A Personal Assistant is able to write @ the speed of speech of his/her boss by using shorthand and special codes to represent long words. Compression works exactly like that. The difference is that while the assistant uses codes to increase the writing speed, compression agent uses codes to reduce space usage.

The above technique of representing longer words into codes will be efficient only if the longer words are repeated several times in the data that needs to be compressed.

Important to note that the “longer words” means that the code should be smaller than the word, and the word should have multiple instances in the data that needs to be compressed.

The scope of this article is limited to compression on textual data. Binary data requires more complex algorithms of compression and needs a complete set of articles to discuss the topic.

Steps to create your own compression script

Step 1: Read text into a string variable

$txtOriginalString =
“May Day! May Day! Some one help us on how compression works in programming world. Will this article help us share with its pearls of wisdumb ?”;

Step 2: Collect all words from the text into an array.
Count the spaces in a text and collect all material between two ” ” space characters, through out the string.

$arrAllWords = explode(” “,$txtOriginalString);

Step 3: Ensure that the array is “unique”. Eliminate duplicate words from your array.

$arrUniqueWords = array_unique($addAllWords);

Step 4: Count the number of unique words.
You will require these many codes to replace the orignal words.

$intUniqueWordCount = count($arrUniqueWords);

Step 5: Identify the length of a “code”.
If you are using 200 ASCII characters in your code set. Lets say from ASCII 45 to 245. Then, a “single digit” code is sufficient if the unique word count is <= 200.

If the word count is > 200 and all permutations of 200P2.

if ($intUniqueWordCount > 200) { $intCodeLength = 2; }
else {$intCodeLength =1;}

Step 6: Assign a code to each unique word.
6.a) Generate a new code.
6.b) Assign it to the first unassigned unique word.
6.c) Repeat process for every unique word.

Step 7: Write the new string $CompressedString;

7.a) Write the $intCodeLength into $txtCompressedString;
$txtCompressedString = $intCodeLength;

7.b) Write a Separator to $txtCompressedString

$txtCompressedString.=”###Separator###”;

7.c) Write the original words and their codes in a CSV format to $txtCompressedString, codes go after the words.

foreach ($arrUniqueWords as $key=> $value) //generate code for each unique word.
{
$txtCode = newCode($txtCode);
$arrCodeArr[$key] = $txtCode;
$txtCompressedString.=$value.”,”; //Write words to compressed string in CSV
}
$txtCompressedString.=”###Separator###”; //Seperate Words from Codes.

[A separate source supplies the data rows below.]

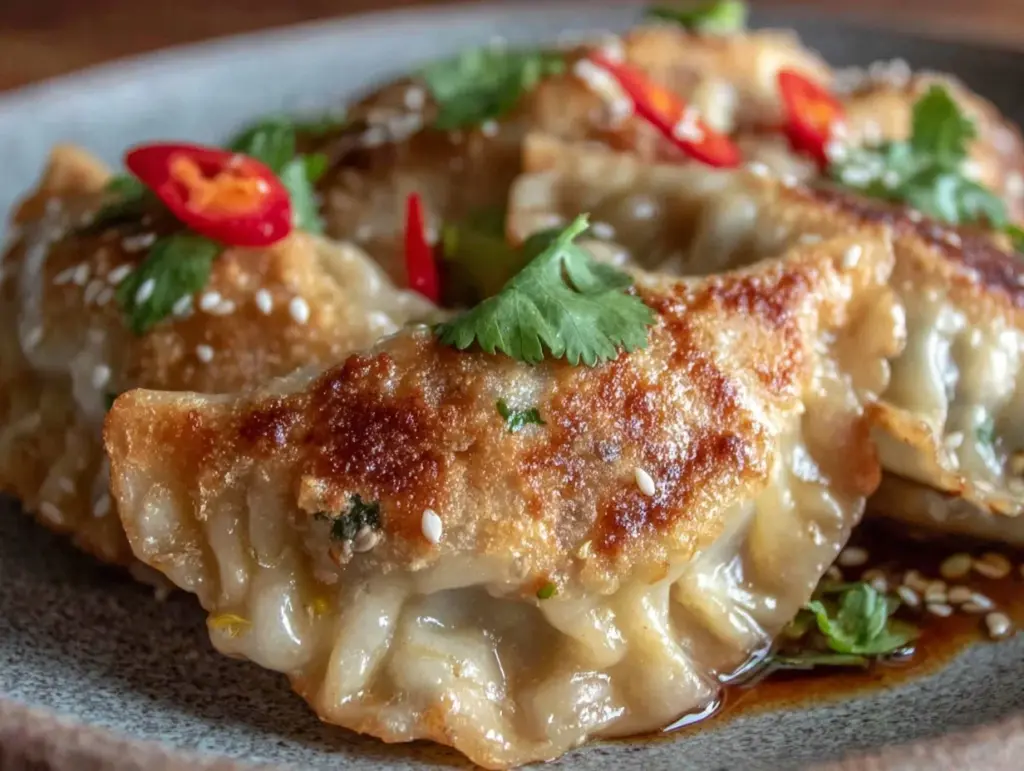 easy crispy homemade potstickers - featured image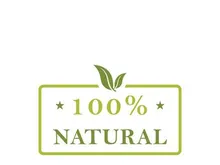100% Natural and organic product badge vector green icon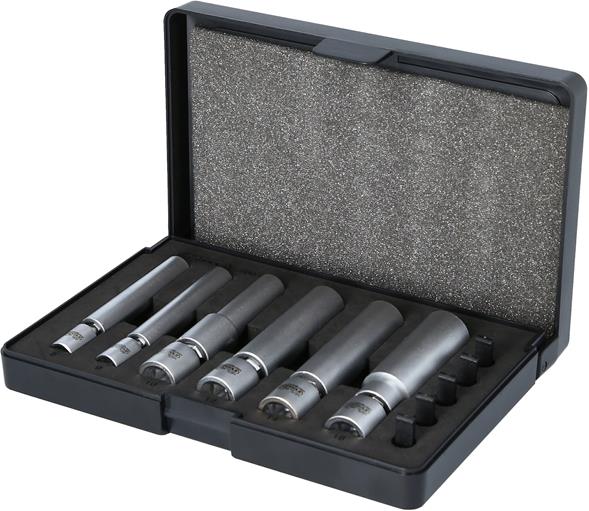 KS Tools 500.7325 1/4'' + 3/8'' Spezial-Glüh- und Zündkerzen-Stecknuss-Satz mit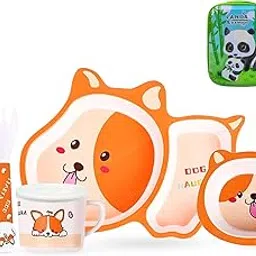 FunBlast Feeding Tableware Set for Kids - 5 Pcs Cartoon Theme Bamboo Fiber Baby Feeding Set Tableware/Baby Crockery Dining Set/Feeding Set for New Born and Toddlers-picture-19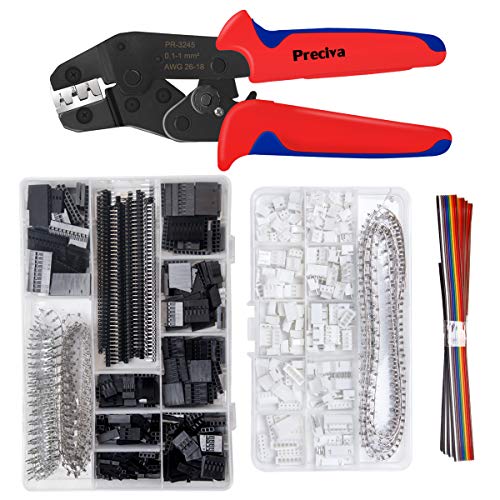 Herramientas de Crimpadora Dupont Preciva con 1550 PCS Pins Macho y Hembra Conector Dupont 26-18AWG 0.1-1.0mm² y 460pcs 2,54mm JST-PH Pin Macho y Hembra JST Conector Cable Enchufe Adaptador Set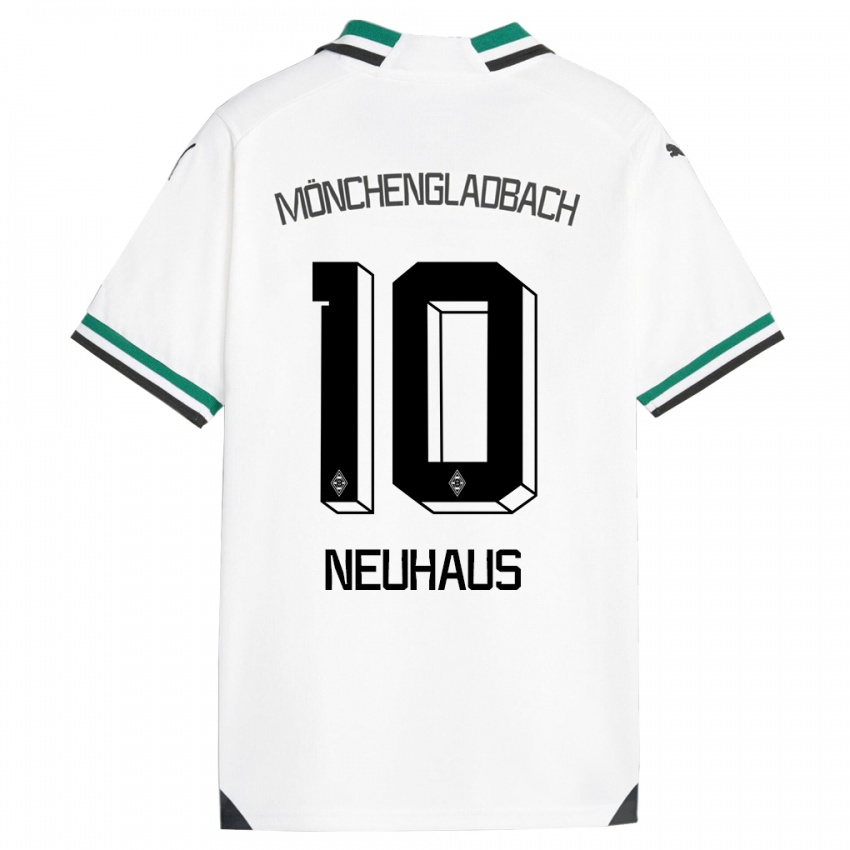 Barn Florian Neuhaus #10 Hvit Grønn Hjemmetrøye Drakt Trøye 2023/24 Skjorter T-Skjorte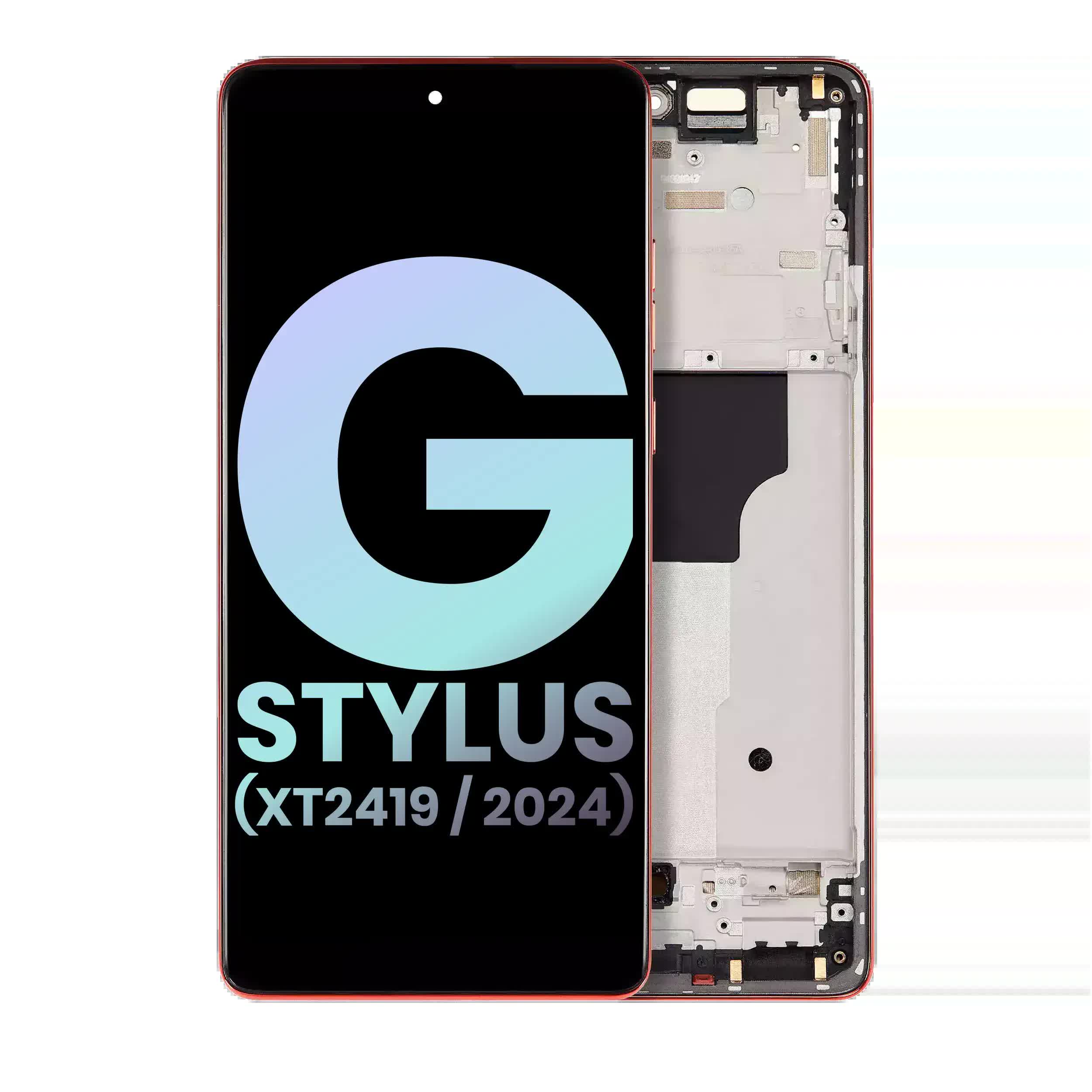 OLED Display mit Rahmen für Motorola Moto G Stylus 5G (XT2419 / 2024) (Original) (Scarlet Wave)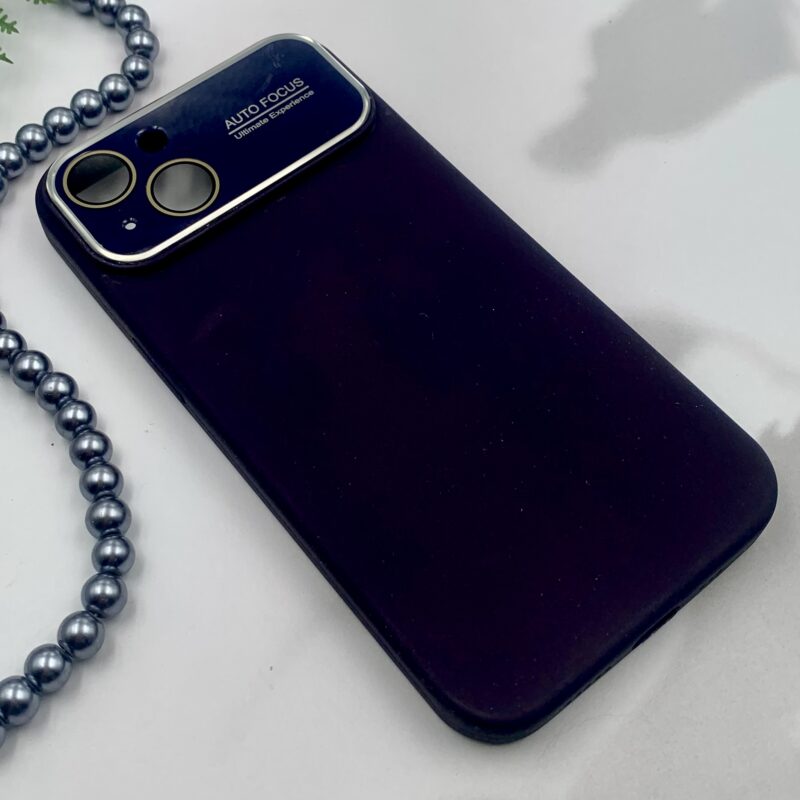 قاب گوشی iPhone 13 آیفون سیلیکونی Camera Lens طرح چرم محافظ لنز دار شیشه ای بنفش تیره کد 39850 - Image 2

foreach($arrCodeArr as $value)
{
$txtCompressedString.=$value.”,”; //Write codes to compressed string in CSV.

}

$txtCompressedString.=”###Separator###”;

Step 8 Generate $codeString

8.a) Replace all occurrences of each unique word in $txtOriginalString with their assigned codes in $txtCodeString;

8.b) Replace all space characters ” ” in $txtCodeString with a blank “”.8.c) Append $CompressedString with $txtCodeString.
$txtCompressedString .= $txtCodeString;

Thats it !

Uncompressing the file…

Step 1: Read the string.

Step 2: Explode string using “###Separator###”;

$arrData = explode(’###Separator’,$txtCompressedString);

$intCodeLength = $arrData[0];
$strCSVUniqueWords = $arrData[1];
$strCSVCodes=$arrData[2];
$strCodeString = $addData[3];

Step 3: Replace codes with a space character and the original word.

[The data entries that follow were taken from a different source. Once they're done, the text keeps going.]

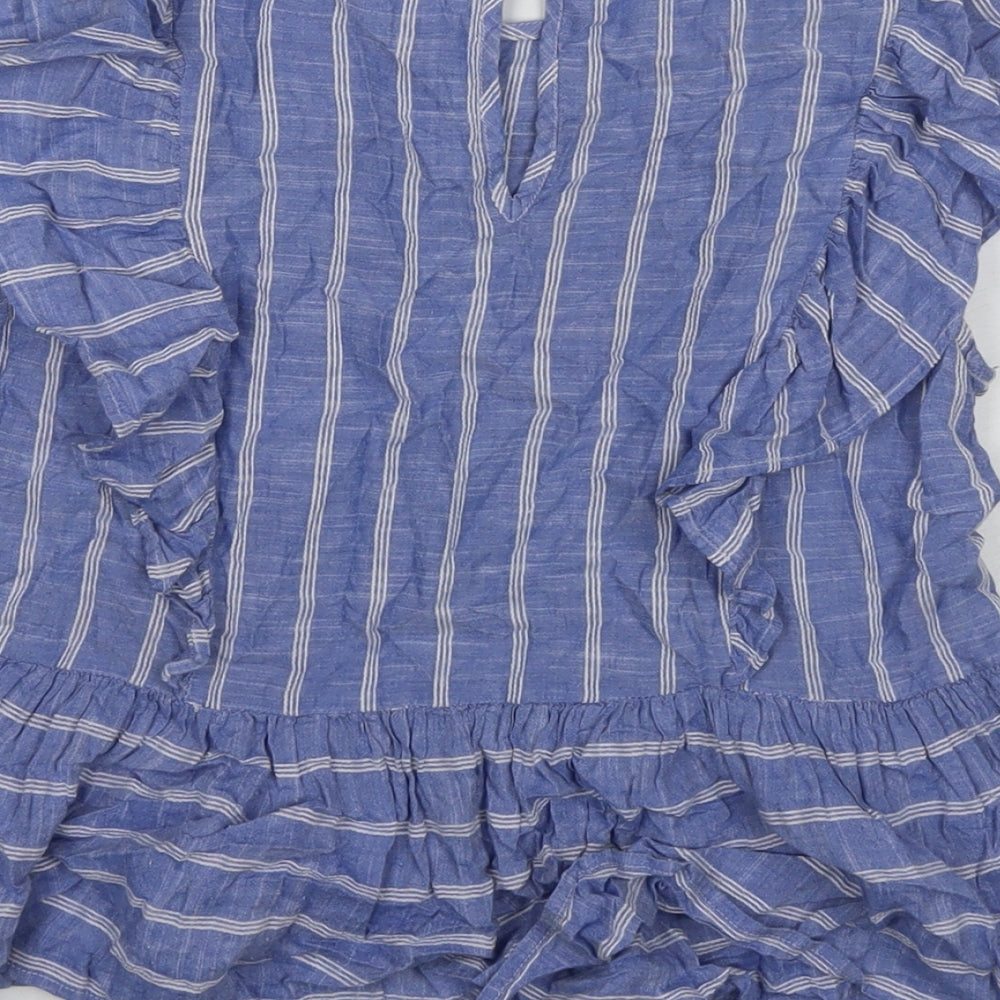 Womens UK Size S Lost Stock Blue Basic T-Shirt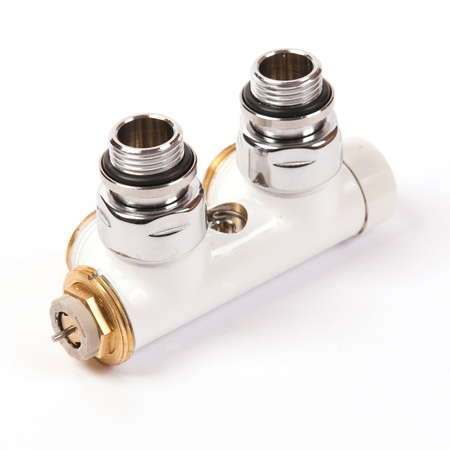 Zawór grzejnikowy termostatyczny COMAP DESIGN kątowy z nastawą wstępną, połączenie 1/2'' x 3/4'' mosiądz (malowany) biały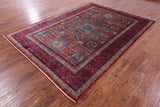 Red Geometric Persian Mamluk Hand Knotted Wool Rug - 6' 9" X 9' 6" - Golden Nile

Mistakes and issues unaddressed in the above algorithm.

If you read the article carefully, you would notice the following mistakes.

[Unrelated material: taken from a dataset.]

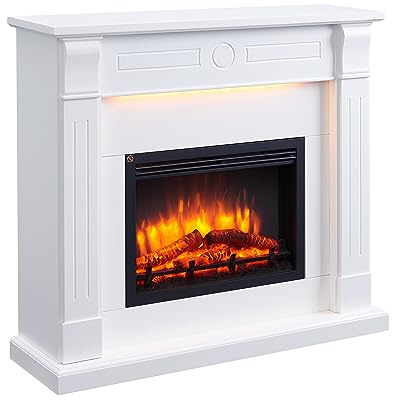 Elektrokamin BALDERIA Hikaru - Standkamin mit Heizung bis 2000W, 3D-Flammeneffekt, LED-Beleuchtung, Knister-Sound, App-Steuerung, WiFi, Fernbedienung, Timer, Thermostat - Weiß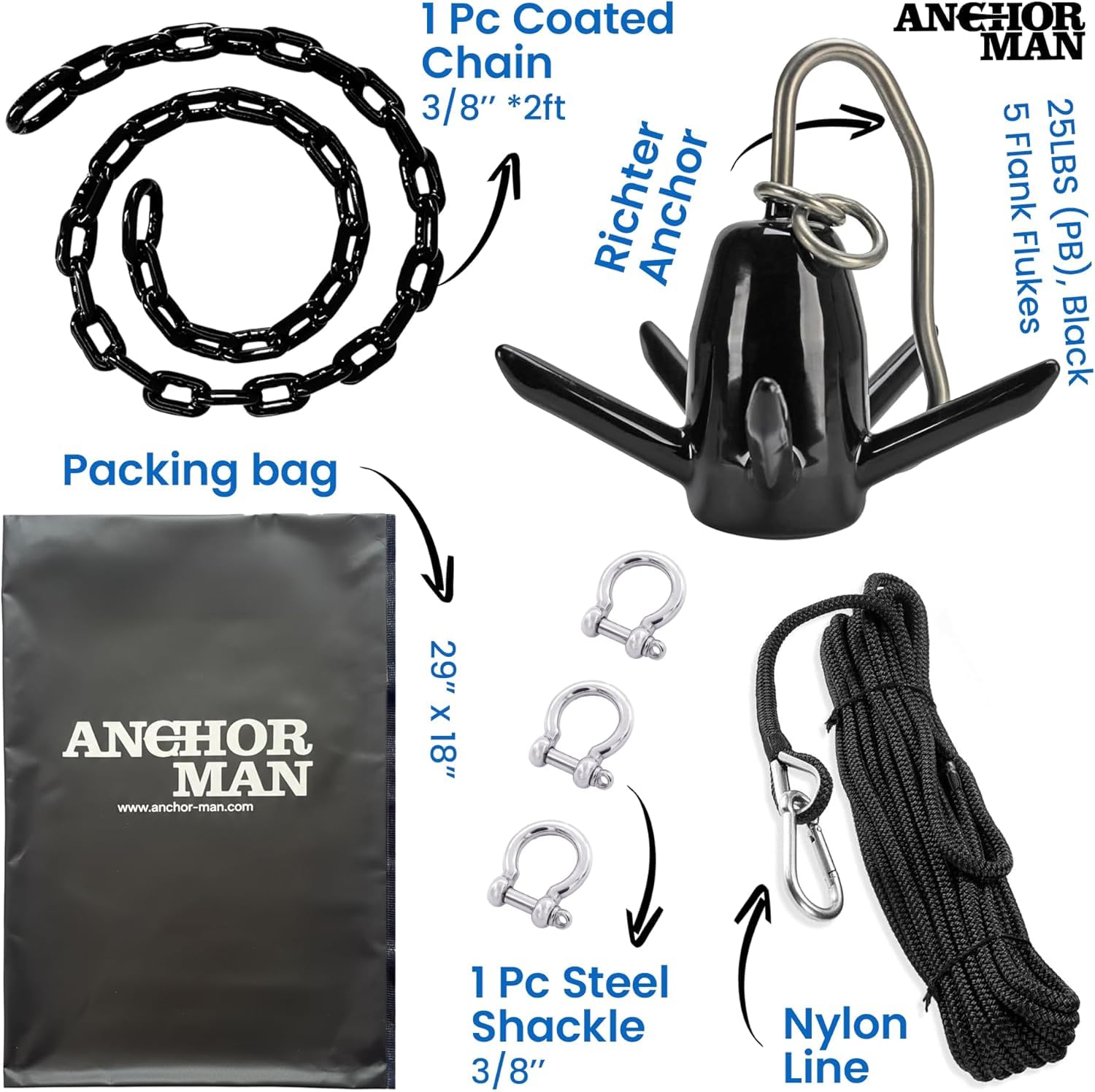 Richter Anchor Kit 18lbs with Slip Ring Design, Vinyl/PVC Coated, 100ft Nylon Rope, 4ft PVC-Coated Chain, Bow Shack Anchor-Man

1) The uncompressed file will always contain the last character as a space.

2) If the first character of the file was a ” “. It will be lost !

3) What is the maximum number for $intUniqueWordCount that this script will work ?

How to tackle them ?

This is where you come into picture. Your task will be to analyze the above article and prove your geniass by…

1) Find out more errors in the above logic.

AND / OR

2) Propose solution to issues pointed out by you or others.

Multiple comments are not a problem, we’ll track them. But for each inaccurate mistake that you point out your points will get reduced and for each geniass issue you point out your chances to feature in the “Simply Geniass - Hall of geniasses” will increase !

Send in your entries now !

Reciprocal Link Building

Friday, May 4th, 2007

Reciprocal Link Building is the process of exchanging links between your website and other websites on the internet that focus on the same subject as yours.

Why do you need to do Reciprocal Link Building ?

  • Increases visibility and reach of your website on the internet for human visitors as well as search engine crawlers.
  • Boosts rankings in search engines who believe your website is important if too many websites on the internet point to your web pages.
  • These links drive traffic to your website from those websites that place your link.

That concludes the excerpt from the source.